# Information supplied:
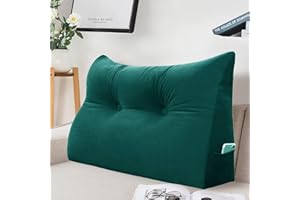 Johnear Poduszka do czytania, aksamitna tkanina, trójkątna, zagłówek łóżka, poduszka klinowa, jednokolorowa, na sofę, poduszka pod plecy, duża poduszka do czytania, poduszka ścienna, poduszka lędźwiowa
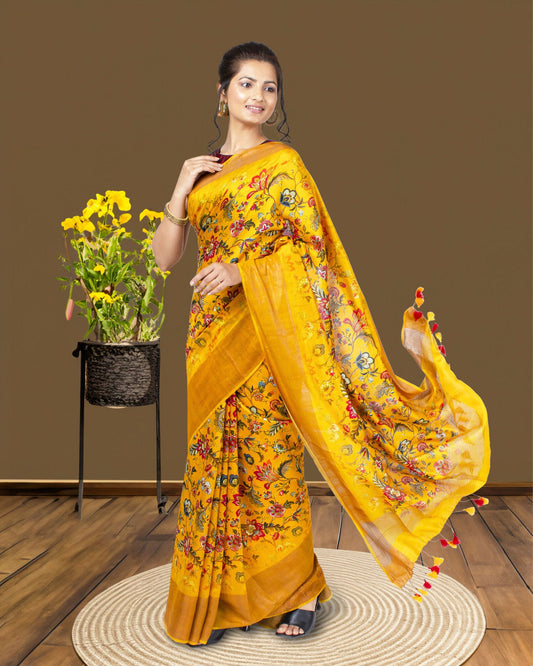 5535-Moonga Tussar Silk Saree Spanish Yellow Color with Digital Print and running blouse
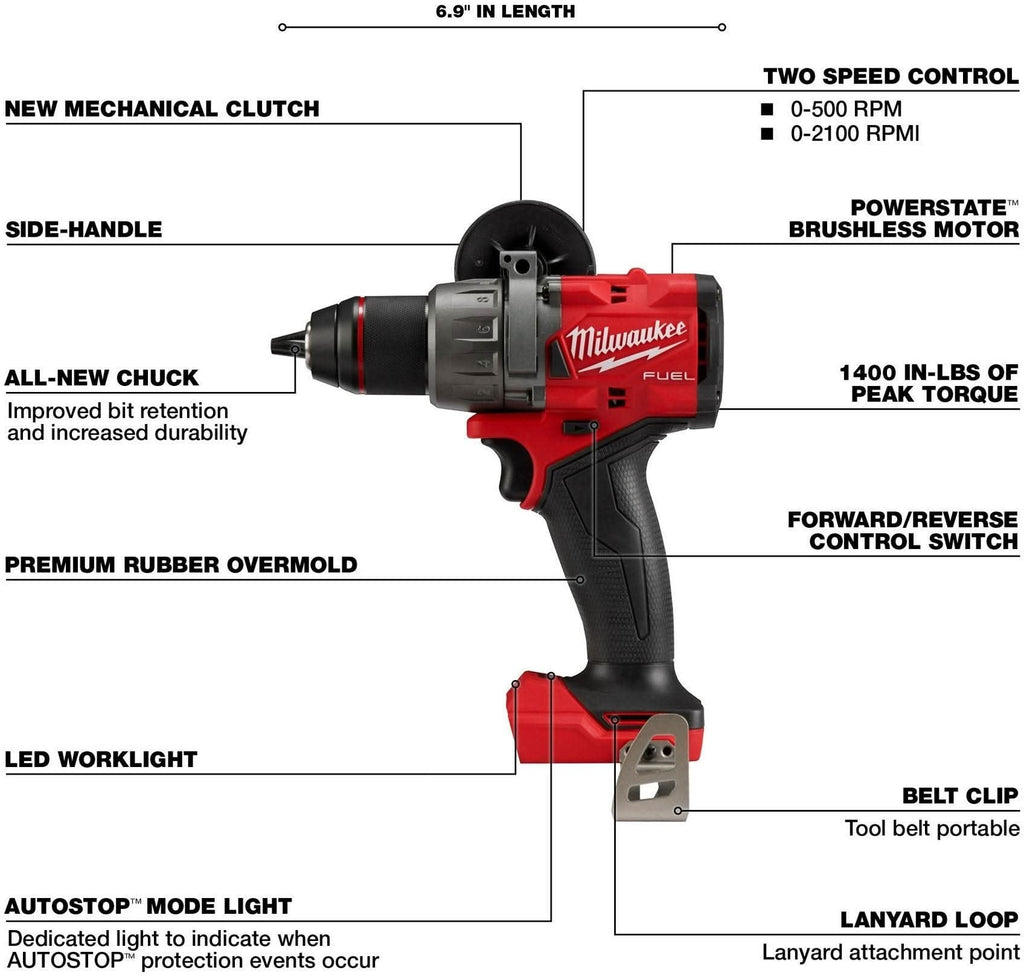 Milwaukee 2904-20 M18 FUEL 1/2-in. Hammer Drill/Driver, Tool Only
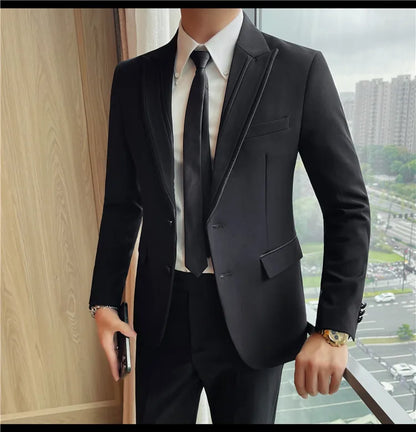 High-quality suit formal wear for men, fashionable and stylish business trend suit jacket, new business casual suit jacket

# Exercise instructions:
Print the stretch of the data from the line with "5535-Moonga Tussar Silk" through its last line, exactly and with both ends kept. Omit pictures.

# Answer to this problem:
 5535-Moonga Tussar Silk Saree Spanish Yellow Color with Digital Print and running blouse
 Milwaukee 2904-20 M18 FUEL 1/2-in. Hammer Drill/Driver, Tool Only
 High-quality suit formal wear for men, fashionable and stylish business trend suit jacket, new business casual suit jacket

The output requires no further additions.